DATA BLOCK:
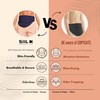 SIIL Ostomy Belt for Men and Women Black for Adbomen,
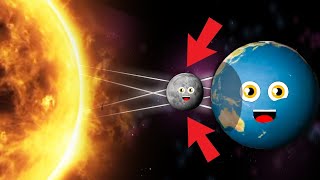 What Are Solar and Lunar Eclipses?  | Space Science Compilation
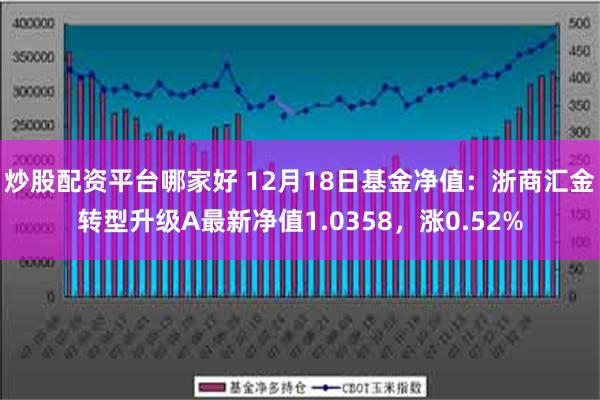 炒股配资平台哪家好 12月18日基金净值：浙商汇金转型升级A最新净值1.0358，涨0.52%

WHAT THE EXERCISE ASKS:
Would you transcribe the whole listing above exactly? The pictures should not be included.

SOLUTION FOR THIS PROBLEM:
 SIIL Ostomy Belt for Men and Women Black for Adbomen,
 What Are Solar and Lunar Eclipses?  | Space Science Compilation
 炒股配资平台哪家好 12月18日基金净值：浙商汇金转型升级A最新净值1.0358，涨0.52%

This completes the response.